Ya Allah sesungguhnya Abu Abdillah Asy Syamiy menuduh bahwa kami ini:

– Mengadukan urusan itu kepada Syaikh Adh Dhawahiriy di mana kedua belah pihak telah ridha dengannya sebagai pemutus hukum dan qadli.

– Dan bahwa Daulah menggunakan kebohongan dan penipuan untuk berdalil terhadap keshahihan manhaj-nya.

– Dan Daulah melancarkan serangan hujatan dan pencitraan buruk pada aqidah dan manhaj para panglima jihad.

– Dan bahwa Daulah telah memulai invasi-invasinya di Syam dengan serentetan tindakan aniaya yang bertubi-tubi lagi intensif terhadap markaz-markaz dan gudang-gudang senjata Jabhah serta kamp-kamp-nya.

– Dan bahwa dengan sekedar seseorang menyelisihinya atau menasehatinya maka Daulah melakukan tindakan penjatuhannya dengan berbagai cara.

– Dan bahwa di antara sifat Daulah itu adalah penikaman dari belakang dan khianat.

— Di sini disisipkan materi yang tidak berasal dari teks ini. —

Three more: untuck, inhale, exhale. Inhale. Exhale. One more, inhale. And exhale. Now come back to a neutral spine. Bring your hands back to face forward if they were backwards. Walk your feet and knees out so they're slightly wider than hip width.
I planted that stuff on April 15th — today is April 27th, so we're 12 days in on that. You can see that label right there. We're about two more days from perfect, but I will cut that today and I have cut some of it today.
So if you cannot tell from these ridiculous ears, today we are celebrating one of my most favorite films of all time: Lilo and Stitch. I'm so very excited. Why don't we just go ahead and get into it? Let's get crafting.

– Dan bahwa ia itu melanggar berbagai perjanjian dan kesepakatan.

– Dan bahwa di antara sifatnya adalah sumpah yang dusta.

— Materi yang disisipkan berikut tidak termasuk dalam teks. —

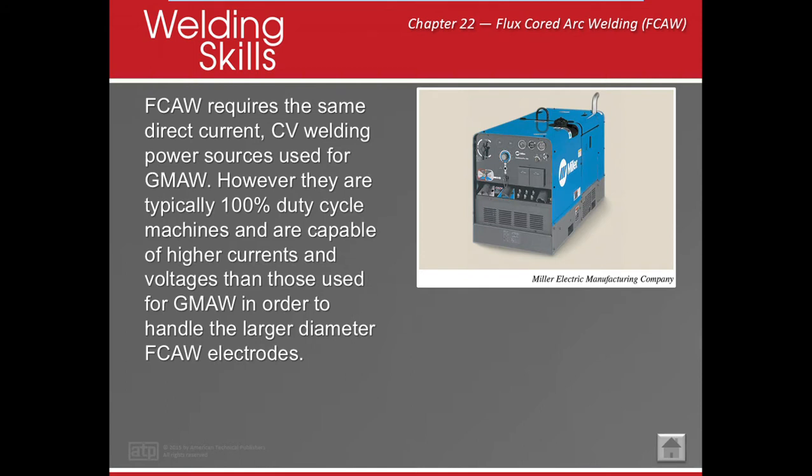We need a CV welding source — same type we use for MIG. Usually they're 100% duty cycle. We're also going to need to change our rollers, because we'll probably need a knurl roller. We may even change our liner and our tip — our liner needs to be larger to accommodate it, and our tip needs to be larger too. For dual shield we're running 0.045, and for self-shielded we're running 0.072, so it's a lot bigger.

– Dan bahwa ia itu menipu bala tentaranya, di mana ia menjadikan mereka itu menyerang Jabhah Nushrah dan memberikan image kepada mereka bahwa Jabhah Nushrah itu Shahawat.

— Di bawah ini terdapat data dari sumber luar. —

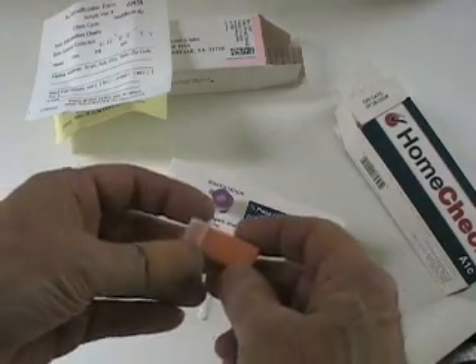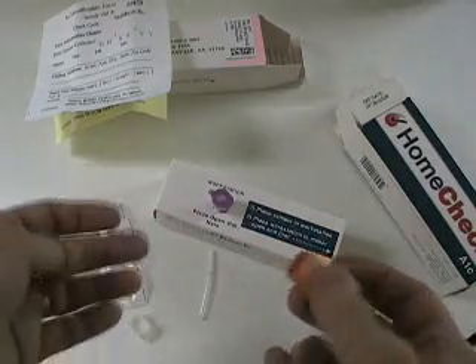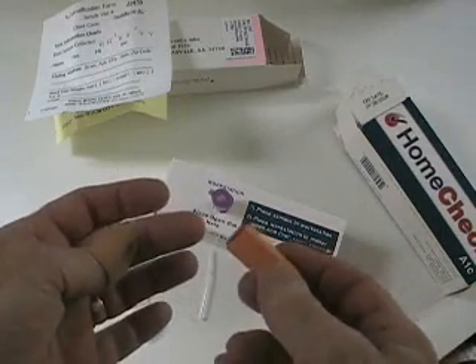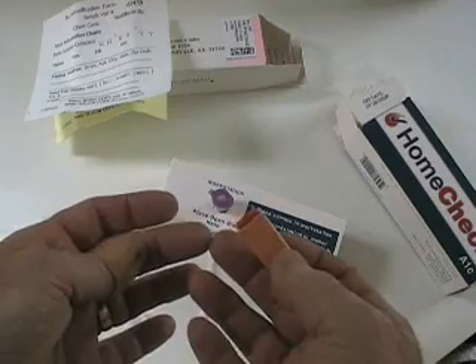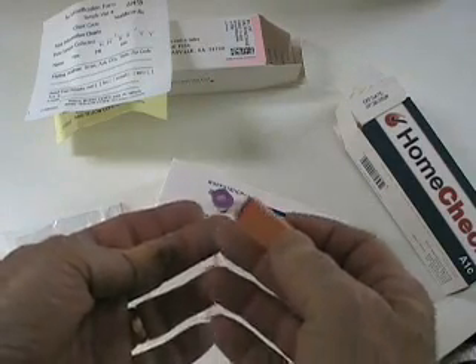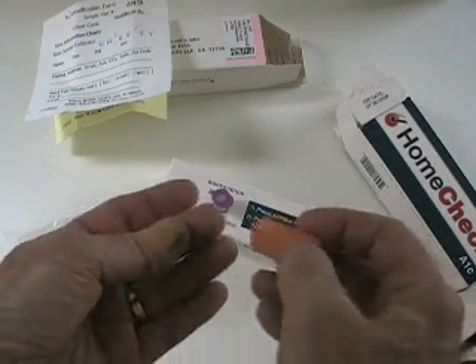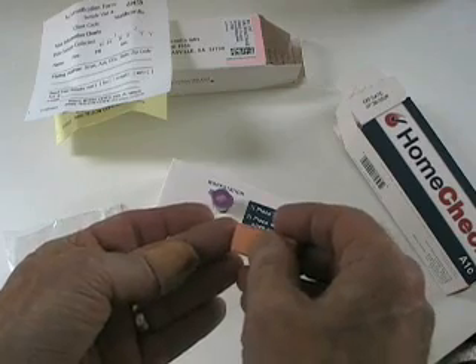This thing is already pre-primed and ready to go. I don't know if it shows in the video, but my fingers are pretty badly scarred from continuous blood samples. So instead of using the sides of my fingers, which I would normally do for less pain, I'm going to use the tip here. It's pre-primed, I hope.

– Dan bahwa Daulah itu berkali-kali telah mengancam Abu Khalid As Suriy.

– Dan bahwa ia itu menolak tunduk kepada mahkamah syar’iyah.

– Dan bahwa ia itu memvonis kafir sebagian orang dengan sekedar ia mendengar bahwa orang itu duduk bersama orang kafir.

– Dan Abu Abdillah Asy Syamiy itu mengklaim bahwa Daulah itu mengkafirkan orang dengan berdasarkan praduga, ma-aalaat (konsekuensi jauh suatu pendapat), dan hal-hal yang mengandung banyak kemungkinan serta apa yang dinamakan dengan desas-desus.

– Dan Daulah memvonis setiap orang yang menyelisihinya bahwa dia itu Shahawat.

– Dan di Raqqah ia menempatkan para sniper dan ia mulai membunuhi setiap orang yang lewat dari kalangan awam kaum muslimin.

– Dan Abu Abdillah mengklaim bahwa Syaikh Umar Asy Syisyaniy telah melanggar janjinya yang ia sepakati dengan Abu Khalid As Suriy.

– Dan dia mengklaim bahwa Daulah memandang setiap orang yang memeranginya itu telah menjadi orang yang memerangi Islam lagi keluar dari millah Islam.

– Dan bahwa Daulah mengkafirkan dengan Lawazim, Mutasyabihat, Ihtimalaat dan Ma-aalaat.

– Dan bahwa ia mengetes manusia pada aqidah mereka dan membunuh para pemeluk islam dan membiarkan para penyembah berhala.

– Dan di antara sifatnya adalah taqiyah, dusta, pelanggaran perjanjian, penikaman, sumpah bohong dan kebejatan, serta menolak tunduk dan tahakum kepada syari’at Allah.

– Dan bahwa ia-lah yang lebih dulu bersikap aniaya dan menyerang pihak lain.

– Dan bahwa ia itu adalah sandungan terbesar di jalan jihad dan penghadangan Nushairiyah yang menyerang.

Ya Allah sesungguhnya saya menjadikan Engkau sebagai saksi bahwa apa yang telah saya sebutkan tadi dari apa yang telah dikatakan oleh hamba-Mu Abu Abdillah Asy Syamiy adalah kedustaan dan pengada-adaan terhadap Daulah, dan bahwa itu bukan termasuk manhaj-nya dan Daulah tidak menganutnya dan tidak menyengaja untuk melakukannya, bahkan ia mengingkari orang yang melakukannya.

Ya Allah, barangsiapa yang dusta maka jadikanlah terhadapnya laknat-Mu, dan perlihatkanlah kepada kami padanya tanda dan jadikanlah ia sebagai pelajaran.

Ya Allah, barangsiapa yang dusta maka jadikanlah terhadapnya laknat-Mu, dan perlihatkanlah kepada kami padanya tanda dan jadikanlah ia sebagai pelajaran.

Ya Allah, barangsiapa yang dusta maka jadikanlah terhadapnya laknat-Mu, dan perlihatkanlah kepada kami padanya tanda dan jadikanlah ia sebagai pelajaran.

Ya Allah, setiap orang yang berkonspirasi terhadap jihad dan mujahidin; maka balikanlah tipu dayanya di lehernya, dan bongkarlah kebusukannya, dan tampakkanlah apa yang dirahasiakannya, serta jadikanlah ia sebagai pelajaran bagi orang yang mengambil pelajaran.

Ya Allah, kuasakanlah kepadanya berbagai penyakit dan bencana.

واللهُ غالبٌ على أمره ولكن أكثر الناس لا يعلمون

“Dan Allah Maha Kuasa terhadap urusan-Nya, akan tetapi mayoritas manusia tidak mengetahui.”